The Ballintubber man takes possession and pops it off to big Aidan O’Shea to see if the battering ram fancies one last barge. O’Shea declines – his body has been through enough – he throws it back to O’Connor.

So the captain is a good 50/55 metres from goals, he’s got a sea of sky blue in front of him, he’s got seconds, sparing seconds to rescue his county and he’s got one chance. He has a crowd of the most rapturous Gaels in the country sitting nervously watching his every inch as if it was the only important thing happening in the world right now. It’s shoot or bust. It’s on O’Connor. If he misses, that’s it. Season over, Dublin celebrate, Mayo head back down the road and 65 years become 66.

He knows he’s the one that has to do something but he’s ready for it. He’s been watching in the full forward line throughout injury time probably seething. Aimless balls have been sent in, O’Shea’s effort was no good and he looked on helpless from the other side as Dublin fumbled around and ballsed up two opportunities to win the game.

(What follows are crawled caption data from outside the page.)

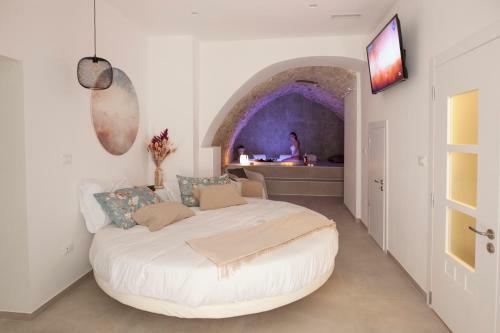 Bed & Breakfast Je T'aime Luxury Suite And Relax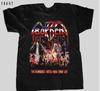 LIZZY BORDEN BAND Gift For Fans Unisex T-shirt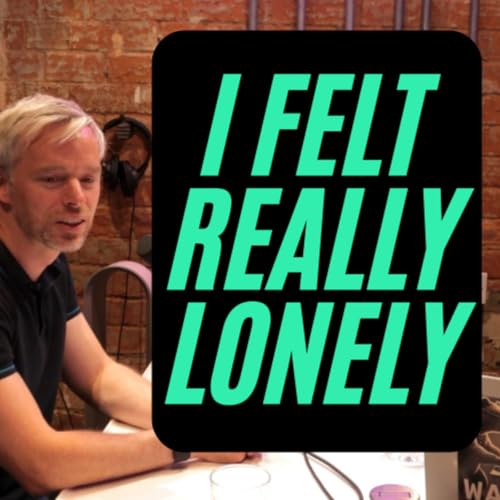 Page de couverture de NOTYT- Matt Asbury- Loneliness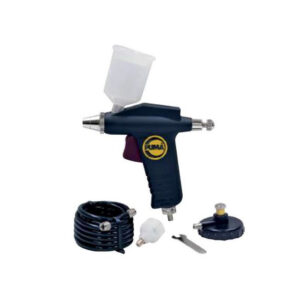 High Pressure Spray Gun - Pneumatic - PUAB1006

They won’t get another chance – not to score a point, maybe not to win an All-Ireland, who knows. He stays on the inside of Connolly and bursts away quickly enough. He lines up Darren Daly, the poor lad looks terrified as O’Connor bears down on him and the legendary number 15 steps around him like he’s not even there. He’s still 40 metres from the target but it’s enough, it’s all he needs.

He drops it to his right foot.

Cillian O'Connor scores the equalising point 18/9/2016

Daly recovers and tries to pull O’Connor off balance – the sort of foul that referees refuse to take an interest in. It doesn’t matter, he’s managed to let fly and it’s in the hands of the Dublin air now.

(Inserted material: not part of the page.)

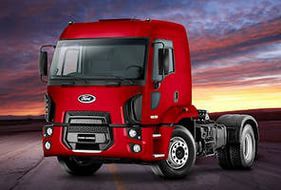 yeni ford cargo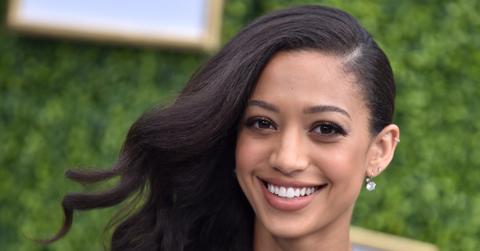 all american star samantha logan depression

Croke Park falls silent. The quiet anticipation is almost greater than any roar this stadium has ever felt. 83,000 Gaels shut up for a second and the flight of the ball is all that matters. Lee Keegan, Tom Parsons, Donal Vauaghan all stop for once. Connolly, Cooper, Cluxton watch the O’Neill’s ball leave O’Connor’s boot and climb high towards the canal.

The TV camera is at a difficult angle. Homes around the country are on their feet waiting for some indication as to the fate of Mayo’s last roll of the dice. The ball travels closer to the stand. It’s got the legs, everyone knows that. Does it have the accuracy.

Suddenly, a few screams are heard. They’re manic. Excited. They’re followed by more boisterous yelps but we’re all still none the wiser until this army of green and red bounces up from behind the goals and shakes Croker on its hinges. They roar the ball all the way towards them and over the bar. The relief is palpable. The noise is deafening.

O’Connor reels away and his celebrations are aggressive. About f**king time, it almost looks like. Justice more than anything.

Mayo get their second bite, seven-point O’Connor gets his second chance.

The whistle goes, he walks down the tunnel as action-ready as ever. The gloves come off, the wrist-tape is unwinded, the teeth are still being bitten. The job is not done.

He didn’t come to Croke Park for a glorious performance or an admirable draw. He came to win. He’ll just have to do that the next day.

For now, he’s done everything he could. He’s said everything he needed to.

He drops the mic. He storms off. You’ll see him again.